TASK OBJECTIVE: For the material below, output exactly the span from the line with "1970s Ludwig Big" to the line with "EXTERIOR REAR VIEW", including both, and nothing besides.

========

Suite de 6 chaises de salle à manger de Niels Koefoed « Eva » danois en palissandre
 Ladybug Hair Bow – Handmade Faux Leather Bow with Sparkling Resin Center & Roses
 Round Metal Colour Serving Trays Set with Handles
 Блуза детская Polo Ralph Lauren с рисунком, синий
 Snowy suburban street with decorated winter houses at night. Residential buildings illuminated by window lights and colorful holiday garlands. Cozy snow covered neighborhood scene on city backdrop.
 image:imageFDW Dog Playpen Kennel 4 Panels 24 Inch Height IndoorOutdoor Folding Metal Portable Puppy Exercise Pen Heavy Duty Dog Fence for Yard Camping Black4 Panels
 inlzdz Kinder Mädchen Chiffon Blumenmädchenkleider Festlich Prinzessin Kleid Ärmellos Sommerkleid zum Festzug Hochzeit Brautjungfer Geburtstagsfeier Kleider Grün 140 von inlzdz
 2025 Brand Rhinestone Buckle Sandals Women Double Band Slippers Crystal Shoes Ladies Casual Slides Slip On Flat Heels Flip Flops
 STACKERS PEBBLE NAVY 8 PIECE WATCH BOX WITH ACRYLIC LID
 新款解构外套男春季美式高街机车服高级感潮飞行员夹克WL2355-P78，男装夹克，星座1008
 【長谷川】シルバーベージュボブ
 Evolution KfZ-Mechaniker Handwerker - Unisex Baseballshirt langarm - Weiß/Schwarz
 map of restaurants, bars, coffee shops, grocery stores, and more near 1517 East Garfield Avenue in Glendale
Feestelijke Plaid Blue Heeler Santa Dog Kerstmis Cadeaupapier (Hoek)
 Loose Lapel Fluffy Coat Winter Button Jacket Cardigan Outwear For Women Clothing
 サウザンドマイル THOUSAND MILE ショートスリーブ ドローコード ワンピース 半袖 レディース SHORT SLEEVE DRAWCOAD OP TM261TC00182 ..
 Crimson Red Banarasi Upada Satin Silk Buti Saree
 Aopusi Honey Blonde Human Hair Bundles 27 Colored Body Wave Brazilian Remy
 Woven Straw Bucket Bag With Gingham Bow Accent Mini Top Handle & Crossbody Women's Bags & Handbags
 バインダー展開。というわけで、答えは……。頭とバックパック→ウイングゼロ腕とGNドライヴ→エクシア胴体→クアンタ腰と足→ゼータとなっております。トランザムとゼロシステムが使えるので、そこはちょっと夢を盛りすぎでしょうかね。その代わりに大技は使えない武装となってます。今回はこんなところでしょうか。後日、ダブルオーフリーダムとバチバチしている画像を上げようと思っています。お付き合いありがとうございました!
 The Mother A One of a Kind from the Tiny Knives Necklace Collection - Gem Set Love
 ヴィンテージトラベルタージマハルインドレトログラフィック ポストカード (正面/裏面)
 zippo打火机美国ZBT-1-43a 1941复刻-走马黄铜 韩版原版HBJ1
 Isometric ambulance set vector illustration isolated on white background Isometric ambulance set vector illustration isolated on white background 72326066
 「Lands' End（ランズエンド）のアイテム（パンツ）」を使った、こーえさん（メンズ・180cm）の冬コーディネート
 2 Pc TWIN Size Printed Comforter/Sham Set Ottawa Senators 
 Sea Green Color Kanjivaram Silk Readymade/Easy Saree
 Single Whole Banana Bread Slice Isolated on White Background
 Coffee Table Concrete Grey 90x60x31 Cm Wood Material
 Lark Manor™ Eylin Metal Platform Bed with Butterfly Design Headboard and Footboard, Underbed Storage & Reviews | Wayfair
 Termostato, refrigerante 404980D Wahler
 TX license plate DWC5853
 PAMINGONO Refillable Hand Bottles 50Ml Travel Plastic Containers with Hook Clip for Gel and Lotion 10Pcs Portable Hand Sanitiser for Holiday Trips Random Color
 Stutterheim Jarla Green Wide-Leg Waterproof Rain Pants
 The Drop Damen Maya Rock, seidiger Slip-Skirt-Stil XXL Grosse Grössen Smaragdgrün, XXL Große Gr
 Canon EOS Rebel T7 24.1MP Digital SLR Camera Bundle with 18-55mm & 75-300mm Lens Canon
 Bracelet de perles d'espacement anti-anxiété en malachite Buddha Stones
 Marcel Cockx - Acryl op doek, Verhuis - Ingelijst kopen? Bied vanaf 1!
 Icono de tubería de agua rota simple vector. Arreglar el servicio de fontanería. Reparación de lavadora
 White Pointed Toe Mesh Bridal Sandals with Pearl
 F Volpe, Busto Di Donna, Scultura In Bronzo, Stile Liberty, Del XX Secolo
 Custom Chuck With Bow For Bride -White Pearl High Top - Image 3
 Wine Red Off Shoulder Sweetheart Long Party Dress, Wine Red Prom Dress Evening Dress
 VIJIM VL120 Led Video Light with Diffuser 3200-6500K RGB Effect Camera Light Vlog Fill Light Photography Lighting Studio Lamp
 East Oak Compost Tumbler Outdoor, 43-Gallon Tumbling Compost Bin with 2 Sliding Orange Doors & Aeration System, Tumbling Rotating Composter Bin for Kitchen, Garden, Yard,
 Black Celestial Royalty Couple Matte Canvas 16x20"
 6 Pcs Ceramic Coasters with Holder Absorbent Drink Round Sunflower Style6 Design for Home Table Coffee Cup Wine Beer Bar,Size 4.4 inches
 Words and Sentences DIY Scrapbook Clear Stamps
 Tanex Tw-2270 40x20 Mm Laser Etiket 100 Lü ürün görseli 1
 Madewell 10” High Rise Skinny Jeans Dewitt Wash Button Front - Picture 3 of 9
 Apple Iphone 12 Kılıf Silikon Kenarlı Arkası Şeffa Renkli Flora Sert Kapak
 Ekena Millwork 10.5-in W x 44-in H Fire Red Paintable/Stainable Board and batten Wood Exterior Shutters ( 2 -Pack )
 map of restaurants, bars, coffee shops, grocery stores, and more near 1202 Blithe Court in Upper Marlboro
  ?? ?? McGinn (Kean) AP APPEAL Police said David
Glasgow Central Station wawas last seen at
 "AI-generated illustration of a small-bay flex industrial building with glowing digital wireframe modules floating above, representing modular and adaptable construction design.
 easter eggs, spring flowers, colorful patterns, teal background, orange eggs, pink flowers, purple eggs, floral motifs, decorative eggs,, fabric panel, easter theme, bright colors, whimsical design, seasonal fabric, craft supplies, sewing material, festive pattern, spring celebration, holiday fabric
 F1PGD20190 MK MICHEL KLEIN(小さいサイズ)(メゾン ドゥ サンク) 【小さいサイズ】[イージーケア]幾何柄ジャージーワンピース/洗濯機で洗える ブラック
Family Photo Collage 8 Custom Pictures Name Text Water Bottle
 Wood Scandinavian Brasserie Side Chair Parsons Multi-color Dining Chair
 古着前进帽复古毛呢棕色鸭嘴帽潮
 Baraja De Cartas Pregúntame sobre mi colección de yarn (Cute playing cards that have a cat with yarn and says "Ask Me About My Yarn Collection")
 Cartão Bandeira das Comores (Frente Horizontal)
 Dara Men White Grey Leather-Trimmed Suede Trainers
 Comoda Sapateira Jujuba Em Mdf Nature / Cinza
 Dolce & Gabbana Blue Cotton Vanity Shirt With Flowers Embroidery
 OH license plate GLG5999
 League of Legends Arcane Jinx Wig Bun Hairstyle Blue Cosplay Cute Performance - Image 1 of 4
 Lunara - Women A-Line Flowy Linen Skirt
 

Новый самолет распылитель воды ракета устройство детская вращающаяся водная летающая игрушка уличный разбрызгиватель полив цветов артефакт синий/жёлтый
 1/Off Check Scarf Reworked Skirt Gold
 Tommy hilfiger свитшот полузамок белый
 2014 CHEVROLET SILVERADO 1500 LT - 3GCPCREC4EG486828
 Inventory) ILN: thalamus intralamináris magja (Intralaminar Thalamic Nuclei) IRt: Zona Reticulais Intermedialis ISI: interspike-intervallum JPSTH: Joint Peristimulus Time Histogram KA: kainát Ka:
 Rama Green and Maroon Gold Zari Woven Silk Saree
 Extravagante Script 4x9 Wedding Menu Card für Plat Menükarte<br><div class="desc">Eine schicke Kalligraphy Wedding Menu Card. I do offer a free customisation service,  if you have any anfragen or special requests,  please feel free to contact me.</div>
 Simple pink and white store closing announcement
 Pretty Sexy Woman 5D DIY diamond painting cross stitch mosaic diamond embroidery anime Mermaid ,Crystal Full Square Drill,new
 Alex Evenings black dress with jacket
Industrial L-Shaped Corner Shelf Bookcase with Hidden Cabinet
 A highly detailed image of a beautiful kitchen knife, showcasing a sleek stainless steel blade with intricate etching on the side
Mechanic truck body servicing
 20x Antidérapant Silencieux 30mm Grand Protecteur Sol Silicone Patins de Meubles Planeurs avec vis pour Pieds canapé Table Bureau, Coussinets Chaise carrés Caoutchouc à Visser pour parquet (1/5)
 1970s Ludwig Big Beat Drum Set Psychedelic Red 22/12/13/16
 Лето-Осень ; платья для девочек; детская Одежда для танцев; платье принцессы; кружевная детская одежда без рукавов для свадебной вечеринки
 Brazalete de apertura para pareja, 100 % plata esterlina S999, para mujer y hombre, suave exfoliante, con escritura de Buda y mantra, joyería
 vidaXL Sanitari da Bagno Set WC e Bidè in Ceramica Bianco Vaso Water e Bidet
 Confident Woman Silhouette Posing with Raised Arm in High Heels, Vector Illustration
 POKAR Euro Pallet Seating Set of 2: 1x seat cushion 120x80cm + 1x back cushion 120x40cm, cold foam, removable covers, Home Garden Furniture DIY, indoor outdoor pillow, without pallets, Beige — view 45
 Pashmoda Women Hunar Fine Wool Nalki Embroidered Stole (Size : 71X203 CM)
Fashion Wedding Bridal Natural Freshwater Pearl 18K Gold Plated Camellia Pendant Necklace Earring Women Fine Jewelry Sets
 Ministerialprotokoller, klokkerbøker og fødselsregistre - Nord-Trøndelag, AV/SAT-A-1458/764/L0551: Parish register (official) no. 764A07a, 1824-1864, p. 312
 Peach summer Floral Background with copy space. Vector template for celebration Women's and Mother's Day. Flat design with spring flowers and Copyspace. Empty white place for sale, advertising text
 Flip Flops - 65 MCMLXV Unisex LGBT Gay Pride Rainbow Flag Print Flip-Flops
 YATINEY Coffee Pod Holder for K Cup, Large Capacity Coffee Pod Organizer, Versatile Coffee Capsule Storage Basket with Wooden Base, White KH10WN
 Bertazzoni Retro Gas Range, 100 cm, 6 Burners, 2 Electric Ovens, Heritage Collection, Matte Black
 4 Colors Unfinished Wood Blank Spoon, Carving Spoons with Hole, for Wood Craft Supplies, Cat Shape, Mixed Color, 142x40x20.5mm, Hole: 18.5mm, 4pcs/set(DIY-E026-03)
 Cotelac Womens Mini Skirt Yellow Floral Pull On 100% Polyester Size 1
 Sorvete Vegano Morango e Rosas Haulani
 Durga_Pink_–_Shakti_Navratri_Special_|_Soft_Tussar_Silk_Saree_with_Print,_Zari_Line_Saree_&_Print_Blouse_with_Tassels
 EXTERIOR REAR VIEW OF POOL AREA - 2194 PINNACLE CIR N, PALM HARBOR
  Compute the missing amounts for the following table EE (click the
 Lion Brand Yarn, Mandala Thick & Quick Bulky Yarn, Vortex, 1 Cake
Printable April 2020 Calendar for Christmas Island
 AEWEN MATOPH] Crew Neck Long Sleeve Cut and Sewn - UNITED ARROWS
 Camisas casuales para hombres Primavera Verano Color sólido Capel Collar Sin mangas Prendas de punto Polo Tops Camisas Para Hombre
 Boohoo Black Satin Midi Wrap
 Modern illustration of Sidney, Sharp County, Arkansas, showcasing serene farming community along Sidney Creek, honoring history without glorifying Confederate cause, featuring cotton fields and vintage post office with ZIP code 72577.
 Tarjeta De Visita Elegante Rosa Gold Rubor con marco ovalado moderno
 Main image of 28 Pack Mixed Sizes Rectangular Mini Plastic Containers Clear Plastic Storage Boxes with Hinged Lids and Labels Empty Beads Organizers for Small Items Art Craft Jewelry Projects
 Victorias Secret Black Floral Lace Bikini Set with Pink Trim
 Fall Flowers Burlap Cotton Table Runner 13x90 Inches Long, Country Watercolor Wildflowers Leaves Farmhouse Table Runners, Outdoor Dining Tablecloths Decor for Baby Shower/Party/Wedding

========

TASK SOLUTION:
 1970s Ludwig Big Beat Drum Set Psychedelic Red 22/12/13/16
 Лето-Осень ; платья для девочек; детская Одежда для танцев; платье принцессы; кружевная детская одежда без рукавов для свадебной вечеринки
 Brazalete de apertura para pareja, 100 % plata esterlina S999, para mujer y hombre, suave exfoliante, con escritura de Buda y mantra, joyería
 vidaXL Sanitari da Bagno Set WC e Bidè in Ceramica Bianco Vaso Water e Bidet
 Confident Woman Silhouette Posing with Raised Arm in High Heels, Vector Illustration
 POKAR Euro Pallet Seating Set of 2: 1x seat cushion 120x80cm + 1x back cushion 120x40cm, cold foam, removable covers, Home Garden Furniture DIY, indoor outdoor pillow, without pallets, Beige — view 45
 Pashmoda Women Hunar Fine Wool Nalki Embroidered Stole (Size : 71X203 CM)
Fashion Wedding Bridal Natural Freshwater Pearl 18K Gold Plated Camellia Pendant Necklace Earring Women Fine Jewelry Sets
 Ministerialprotokoller, klokkerbøker og fødselsregistre - Nord-Trøndelag, AV/SAT-A-1458/764/L0551: Parish register (official) no. 764A07a, 1824-1864, p. 312
 Peach summer Floral Background with copy space. Vector template for celebration Women's and Mother's Day. Flat design with spring flowers and Copyspace. Empty white place for sale, advertising text
 Flip Flops - 65 MCMLXV Unisex LGBT Gay Pride Rainbow Flag Print Flip-Flops
 YATINEY Coffee Pod Holder for K Cup, Large Capacity Coffee Pod Organizer, Versatile Coffee Capsule Storage Basket with Wooden Base, White KH10WN
 Bertazzoni Retro Gas Range, 100 cm, 6 Burners, 2 Electric Ovens, Heritage Collection, Matte Black
 4 Colors Unfinished Wood Blank Spoon, Carving Spoons with Hole, for Wood Craft Supplies, Cat Shape, Mixed Color, 142x40x20.5mm, Hole: 18.5mm, 4pcs/set(DIY-E026-03)
 Cotelac Womens Mini Skirt Yellow Floral Pull On 100% Polyester Size 1
 Sorvete Vegano Morango e Rosas Haulani
 Durga_Pink_–_Shakti_Navratri_Special_|_Soft_Tussar_Silk_Saree_with_Print,_Zari_Line_Saree_&_Print_Blouse_with_Tassels
 EXTERIOR REAR VIEW OF POOL AREA - 2194 PINNACLE CIR N, PALM HARBOR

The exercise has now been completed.